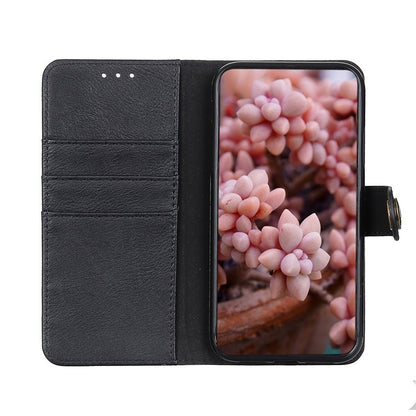 ELECTROPRIME For iPhone 15 KHAZNEH Cowhide Texture Horizontal Flip Leather Phone Case(Black)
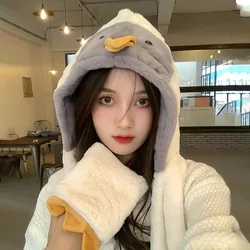 Plush Hat Winter Cartoon Penguin Integrated Hat Plush Thickened Female Outdoor Wind and Cold Proof Scarf Cover Hat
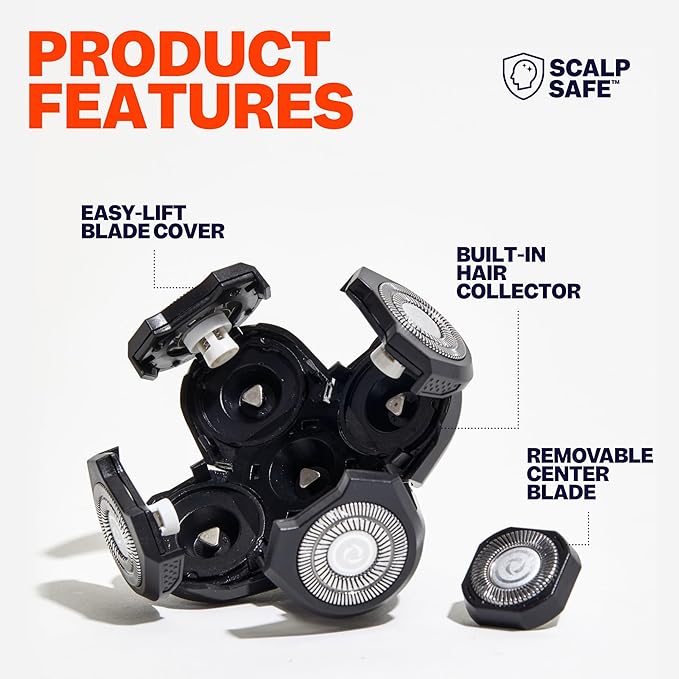 Freebird FlexSeries™ Shaver and Blade - Fast Smooth Water-Resistant Electric Head Shaver with 5 Flexible Blades USB Rechargeable Ideal for Bald Men and Women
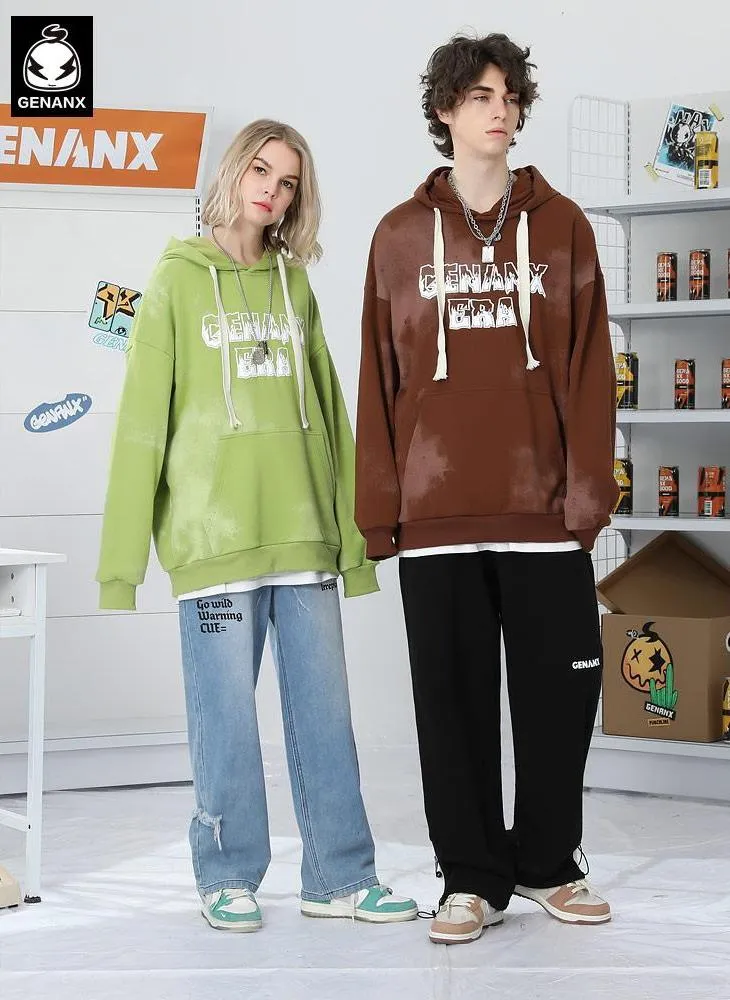 Plain Letter Print Kangaroo Pocket Hoodies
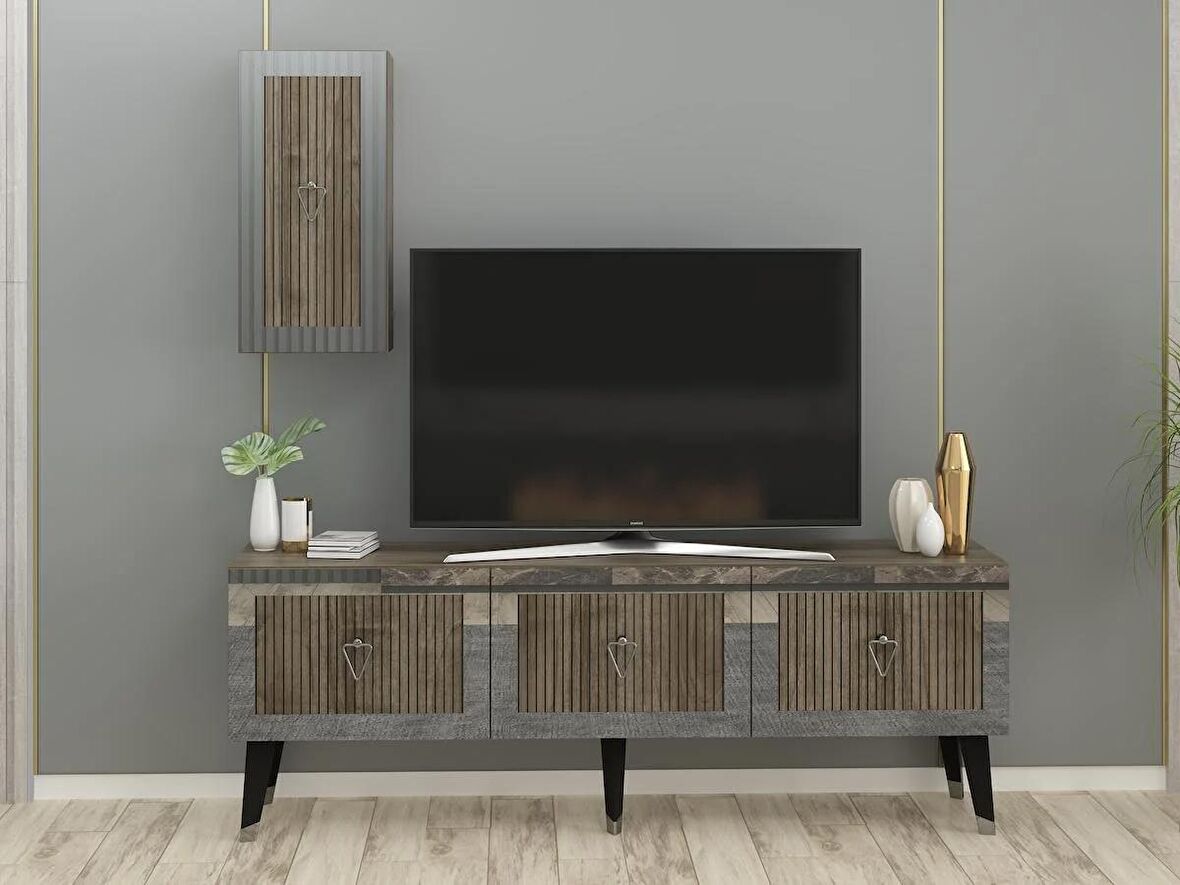 BARE TV ÜNİTESİ, ORTA SEHPA VE KONSOL 3'LÜ SALON TAKIMI CEVİZ-GÜMÜŞ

§ **TASK INSTRUCTIONS**
From the line containing "Plain Letter Print Kangaroo Pocket Hoodies" through the last line of the data above, write out every line word for word, and nothing else. Do not include the pictures.

§ **EXERCISE RESULT**
 Plain Letter Print Kangaroo Pocket Hoodies
 BARE TV ÜNİTESİ, ORTA SEHPA VE KONSOL 3'LÜ SALON TAKIMI CEVİZ-GÜMÜŞ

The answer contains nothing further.